◆ What the task asks: Repeat the data exactly. Pictures are not part of the copy.

◆ Data listing:

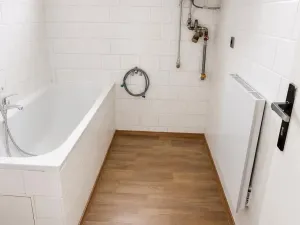 Pronájem bytu 2+kk, Ústí nad Labem - Neštěmice, Májová, 40 m2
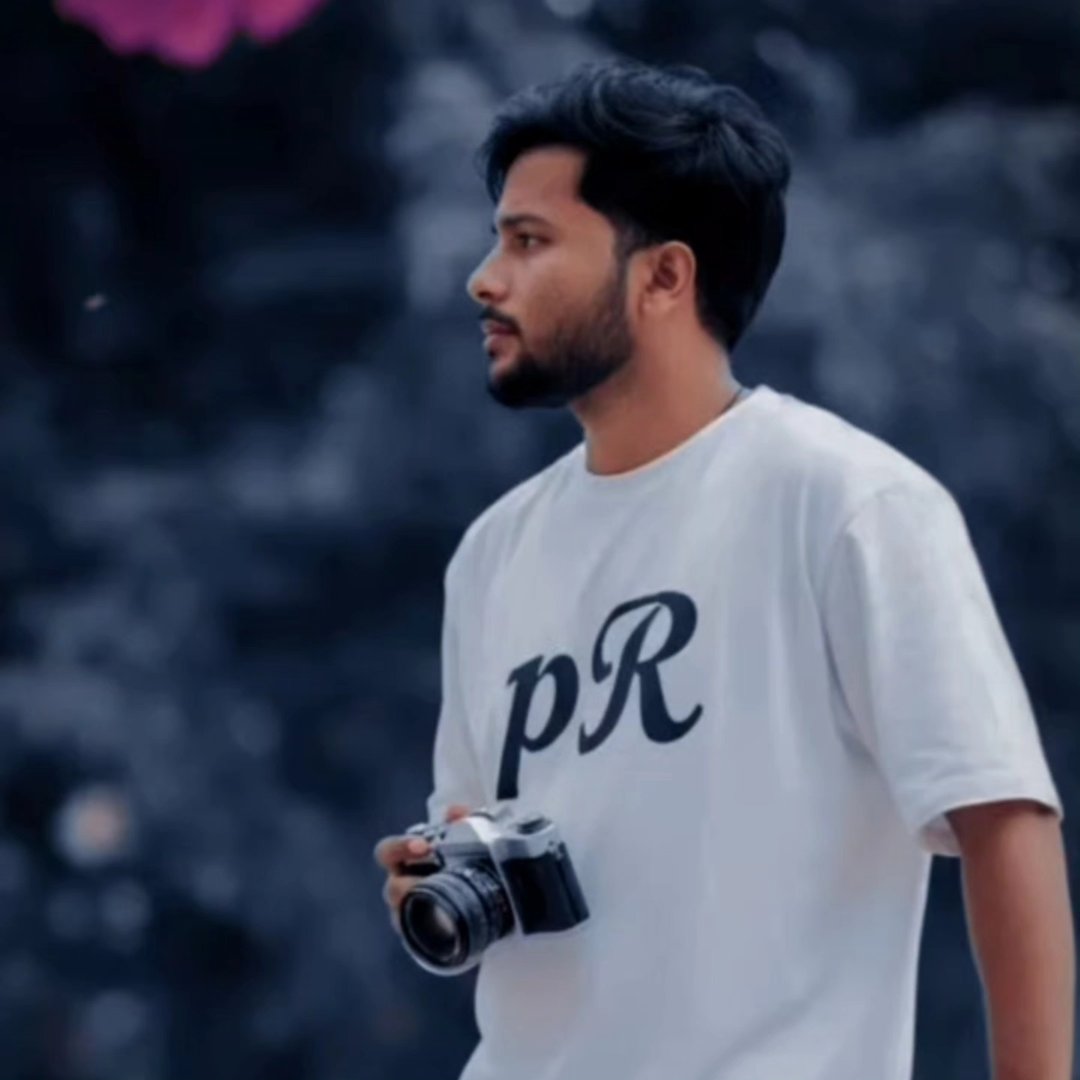Raj Singh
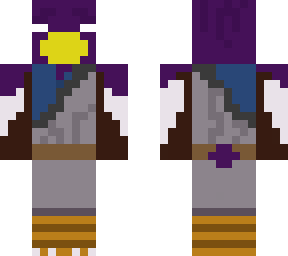 bird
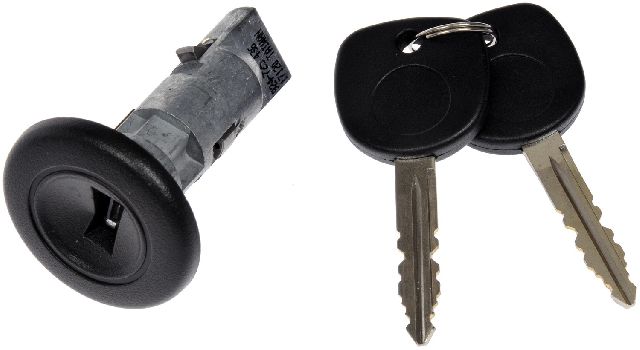2001-2005 Pontiac Aztek Ignition Lock Cylinder (Dorman)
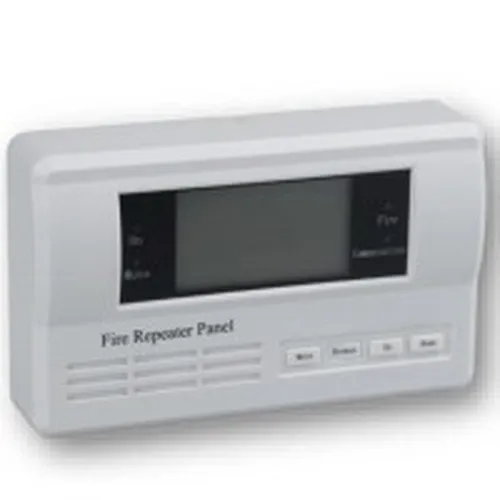 Hiển Thị Phụ LCD Kết Nối Đường Loop  Cấp Nguồn 24V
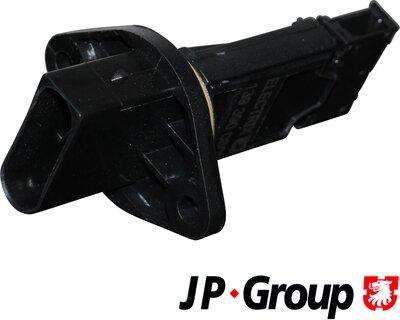 JP Group 1393900600 - Датчик потоку, маси повітря autocars.com.ua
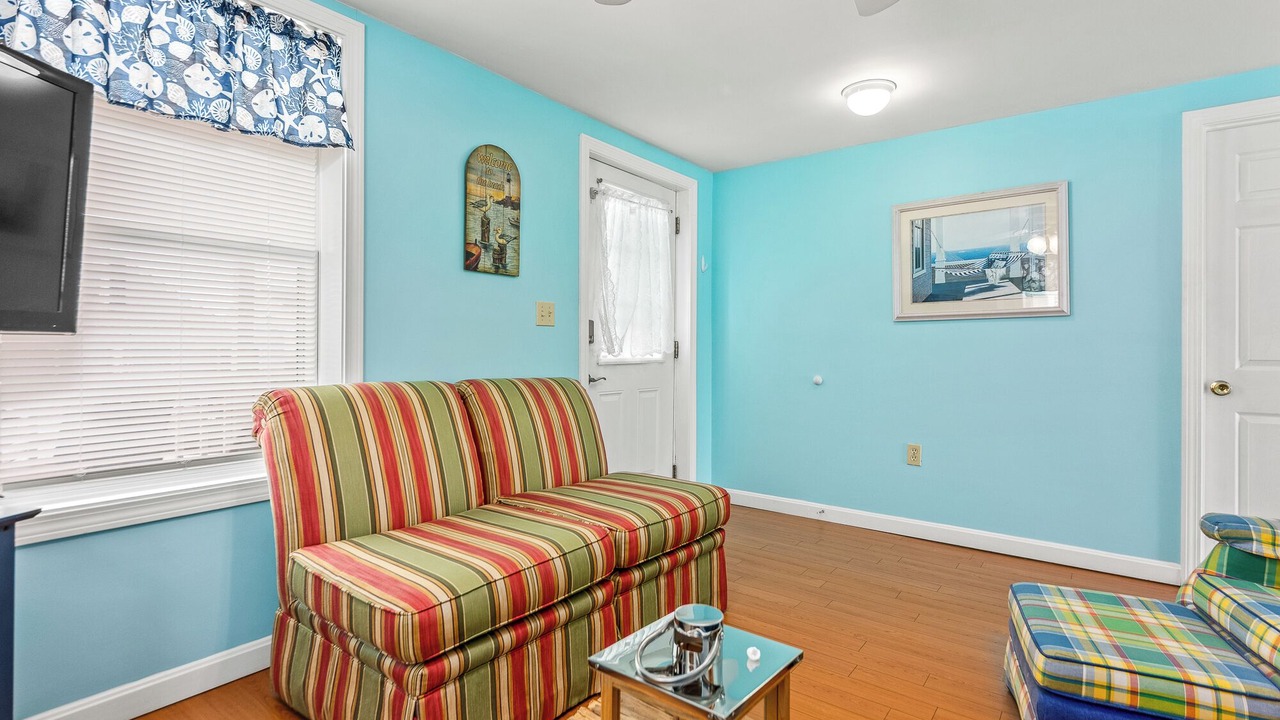 Photo of Livingroom in Hampton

◆ Output:
 Pronájem bytu 2+kk, Ústí nad Labem - Neštěmice, Májová, 40 m2
Raj Singh
 bird
2001-2005 Pontiac Aztek Ignition Lock Cylinder (Dorman)
 Hiển Thị Phụ LCD Kết Nối Đường Loop  Cấp Nguồn 24V
 JP Group 1393900600 - Датчик потоку, маси повітря autocars.com.ua
 Photo of Livingroom in Hampton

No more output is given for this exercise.